NEW YORK ( Real Money) -- Not enough pipe. Not enough refinery space. Too much oil. That's the story of the Permian oil field, where production has increased as astounding 400,000 barrels a day in the last two years.
That's caused a discount to the already-discounted West Texas Intermediate price. How big is it? Right now, West Texas is selling for a discount of $10 to Brent -- $98 vs. $108 -- and then Permian is selling at an additional $8 decline to the $98 price as Permian producers duke it out for pipeline space and take discounts galore to do so.
That's behind the remarkable resurgence of the refiners as the ones on the Gulf are buying $90 oil and then selling that refined product for the world price, making a killing in the process. It's this glut of Permian oil that's causing the margins to expand at a breathtaking pace and it is unlikely to reverse itself any time soon.

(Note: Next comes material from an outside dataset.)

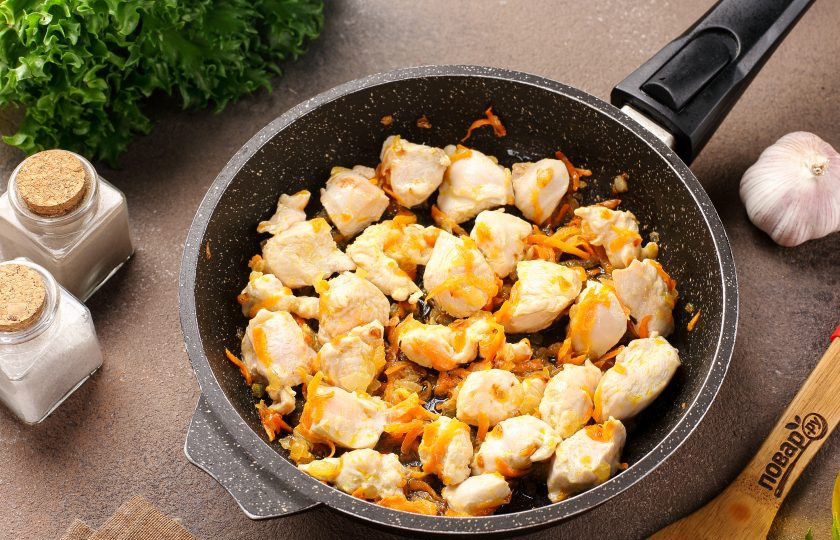 1. Этап. Ризотто с кабачками и курицей: Обжарьте мясо с овощами, пока оно не побелеет.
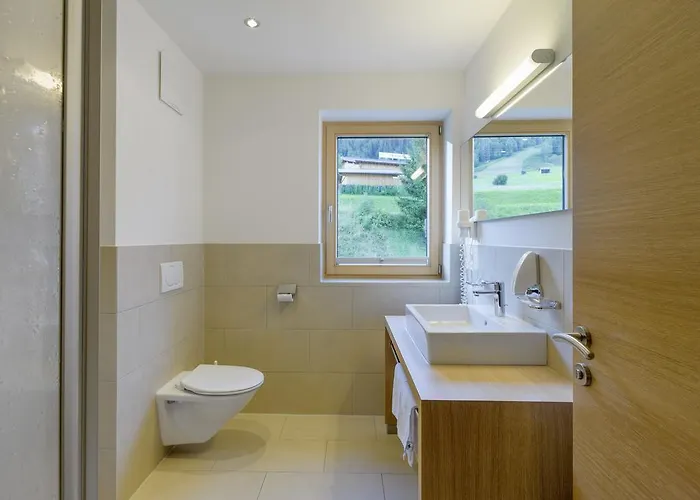 Quality Hosts Arlberg - Goldenes Kreuz 酒店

Dan Dicker and I had a good sit down about the price differential in a video, but what you need to know is that, according to RBN Energy, the source I use for all things energy in this country, the discount is not going to go away any time soon. In fact, it should get worse before it gets better because the oil is being pumped in increasing amounts, and new pipe that can help alleviate the space constraints won't be available until at least June. That means three more months of wide spreads and three more months of outsize profits for Alon USA Energy (ALJ), Marathon Petroleum (MPC) and HollyFrontier (HFC), all of whom reside at the other end of the pipe from the Permian.